Wir setzen unseren Weg durch den Sturm fort, steigen hoch Richtung La Grande Sagneule, einem einsamen Gehöft in typischer Jurahausbauweise. Auch hier ist alles schwarz-weiss, die Bäume dick mit Reif behangen. Kleine Fichten sind in Eis gehüllt, die grossen in all den Jahren vom Wind geformt. Der Jura ist eine raue Gegend, vor allem im Winter. Eine Triangulationspyramide lässt vermuten, dass wir den Gipfel erreicht haben. Nordöstlich von uns befindet sich der Col de la Vue des Alpes. Das heisst, man hätte Aussicht in die Alpen. Hätte. Denn wir sehen gerade mal ein paar Meter weit. In der Richtung, wo die Alpen zu sehen sein sollten, ist einfach alles weiss.
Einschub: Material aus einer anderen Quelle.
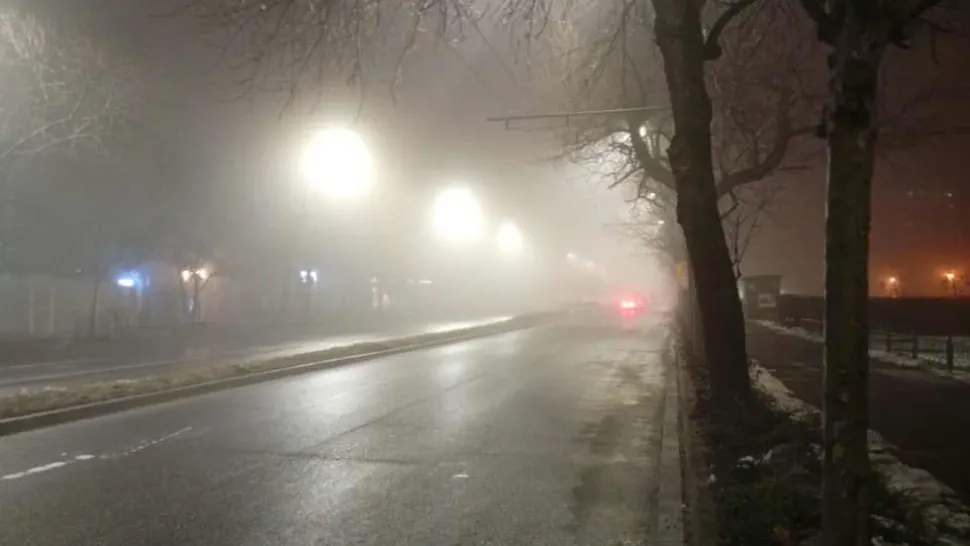 Cod galben de ceață în București și în peste 15 județe din țară. Șoferii sunt îndemnați să circule cu maximă prudență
Lange halten wir uns nicht auf, zu unwirtlich ist es hier oben. Wir steigen ab, passieren eine Tafel, die darauf hinweist, dass wir uns hier auf einem Schiessplatz befinden. Weiter vorne ist denn auch eine Soldatenunterkunft und ein mit Schnee gefülltes Wachhaus. Wir müssen aber keine Angst haben, dass wir beschossen werden. Der Nebel ist so dicht, dass Pfosten das einzig Sichtbare sind im Weiss. Der Tourenleiter wird unsicher, die Karte wird kurz konsultiert. Aha, hier lang. Bald merkt er, dass er zuviel korrigiert hat und wir in die falsche Richtung gehen, nämlich genau 180 Grad! Wir korrigieren abermals und nehmen nun die richtige Richtung ein. Es geht abwärts, die Sicht wird besser. Wir erreichen Les Grandes Pradières, eine verwaiste Truppenunterkunft. Dort finden wir einen Windfang, wo wir vom Sturm unbehelligt eine zweite Pause einlegen können.

Doch noch eine Spur Sonne

Es stürmt immer noch, aber es hat aufgehört zu schneien. Am Himmel zeichnet sich die Sonne ab. Erhaschen wir doch noch ein paar Sonnenstrahlen? Wir steigen ab durch den Wald, dem Wanderweg folgend. Tatsächlich dringen ein paar Strahlen durchs Geäst, der Wind hat sich gelegt. Es wird spürbar wärmer, wir entledigen uns dem einen oder anderen Kleidungsstück. Tut das gut! Wir erreichen Les Geneveys-sur-Coffrane (ich werde mir diesen Ort nie merken können) und somit das Ende der Tour. War das grossartig! Der Jura ist einfach perfekt für Schneeschuhtouren, wir werden bestimmt wieder mal eine unternehmen dort, wenn das Wetter stimmt: Sturm, Schneefall und Nebel!

Info

Im Winter ist der Jura noch einsamer, erst recht bei dem Wetter, welches wir antrafen. Aber genau das macht seinen Reiz aus. Die Tour auf den Mont Racine ist gut per ÖV erreichbar und bietet, wenn die Sicht gut ist, eine fantastische Aussicht auf das Mittelland mit dem Neuenburgersee und die Alpen.

Start: Col de la Tourne
Ziel: Les Geneveys-sur-Coffrane
Strecke: Col de la Tourne – Petit Coeurie – Les Sagneuses – Mont Racine – Les Grandes Pradières – Les Geneveys-sur-Coffrane
Distanz: 11 Kilometer
Höhenmeter: 340 Meter
Dauer: 3 Stunden
Schwierigkeit: WT1
GPS-Track: GPS-Track Mont Racine (der Haken nach dem Mont Racine ist nicht nötig :-))
Höhepunkte: Aussicht, Jura-Landschaft, Einsamkeit
Alternative: Die Tour kann über den Tête de Ran auf die Vue des Alpes verlängert werden.